Though the COM Dlls' have a lot of advantages over regular
Dlls' in MFC, the regular dlls are still being used by many
developers.
MFC DLL wizard provides options to create 3 kinds of DLLs.
Regular DLL Statically linked to MFC, Regular DLL dynamically
linked to MFC and MFC extension DLLs. This article uses MFC
regular DLL Dynamically linked to MFC. The output produced by
this option (dynamically linked) is a very small DLL. The
statically linked DLLs will be of larger size, as they are
built with the whole MFC libraries within themselves.
A MFC Dll can provide/export with functions, variable values,
constants and classes. This article concentrates on exporting
a function, which is the mostly used export in DLL.
MFC DLL
- Building the DLL:
-
Create an MFC AppWizard Dll.
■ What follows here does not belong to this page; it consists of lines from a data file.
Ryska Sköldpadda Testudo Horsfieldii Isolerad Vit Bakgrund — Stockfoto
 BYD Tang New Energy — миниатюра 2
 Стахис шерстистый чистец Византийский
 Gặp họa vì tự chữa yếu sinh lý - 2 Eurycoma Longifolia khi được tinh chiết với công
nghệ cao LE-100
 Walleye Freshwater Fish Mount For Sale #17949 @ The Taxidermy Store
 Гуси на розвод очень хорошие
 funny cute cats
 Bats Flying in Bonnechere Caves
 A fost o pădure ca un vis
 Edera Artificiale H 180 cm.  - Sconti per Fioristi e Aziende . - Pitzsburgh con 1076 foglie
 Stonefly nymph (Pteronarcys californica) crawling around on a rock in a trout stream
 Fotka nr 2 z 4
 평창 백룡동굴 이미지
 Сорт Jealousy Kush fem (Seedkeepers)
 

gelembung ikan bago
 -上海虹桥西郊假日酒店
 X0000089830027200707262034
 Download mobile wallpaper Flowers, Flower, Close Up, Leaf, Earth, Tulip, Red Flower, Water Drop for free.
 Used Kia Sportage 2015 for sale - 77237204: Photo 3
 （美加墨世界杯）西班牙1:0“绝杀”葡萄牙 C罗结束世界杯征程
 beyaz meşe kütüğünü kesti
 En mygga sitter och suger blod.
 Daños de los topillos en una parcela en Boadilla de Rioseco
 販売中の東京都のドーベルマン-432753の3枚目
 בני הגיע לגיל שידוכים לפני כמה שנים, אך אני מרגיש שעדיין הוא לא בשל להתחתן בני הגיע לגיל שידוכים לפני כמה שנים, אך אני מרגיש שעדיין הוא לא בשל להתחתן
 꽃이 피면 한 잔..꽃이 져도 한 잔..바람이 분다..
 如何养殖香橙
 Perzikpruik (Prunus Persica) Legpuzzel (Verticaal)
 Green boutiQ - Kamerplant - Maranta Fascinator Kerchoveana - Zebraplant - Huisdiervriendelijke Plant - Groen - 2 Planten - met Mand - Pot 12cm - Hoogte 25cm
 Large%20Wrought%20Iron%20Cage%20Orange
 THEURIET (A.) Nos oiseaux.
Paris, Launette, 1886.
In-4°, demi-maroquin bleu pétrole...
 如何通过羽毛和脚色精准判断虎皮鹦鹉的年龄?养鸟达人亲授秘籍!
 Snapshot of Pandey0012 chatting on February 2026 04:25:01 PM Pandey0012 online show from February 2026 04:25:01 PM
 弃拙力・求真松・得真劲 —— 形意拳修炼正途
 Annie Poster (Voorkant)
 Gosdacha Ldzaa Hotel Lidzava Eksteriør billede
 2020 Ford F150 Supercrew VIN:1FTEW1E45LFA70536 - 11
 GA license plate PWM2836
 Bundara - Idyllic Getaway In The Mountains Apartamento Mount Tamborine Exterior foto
Choose the option of Regular
MFC DLL - Dynamically Linked to MFC.
- After
the application gets created, add a header file and a source
file to the application. The article assumes the file names
to be utilities.h, utilities.cpp.
- Enter
a function declaration inside the header file utilities.h with the
following syntax.
__declspec(dllexport)
int AddValues(int a, int b);
- Add
the function definition inside the utilities.cpp file as follows.
int AddValues(int a, int b)
{
return a+b;
}
-
Compile the MFC DLL application. This will produce a
ProjectName.lib and ProjectName.dll in the debug folder.
These two files are enough for using inside an application.
MFC DLL
- Building the application:
-
Create a new MFC AppWizard Executable application. Even a
console application will be enough for using the MFC Dll.
- Copy
the utilities.h into the project folder. Copy the
ProjectName.lib and ProjectName.dll into debug folder of the
project.
- In
the source file of the application include the header file
as #include "utilities.h".
- In
Project Settings --> Link --> Library/Modules add Debug/ProjectName.lib.
This will ensure linking of the necessary MFC Dll files.
- Call
the AddValues function any where necesary.
- Build
and run the application. The MFC Dll function will be used.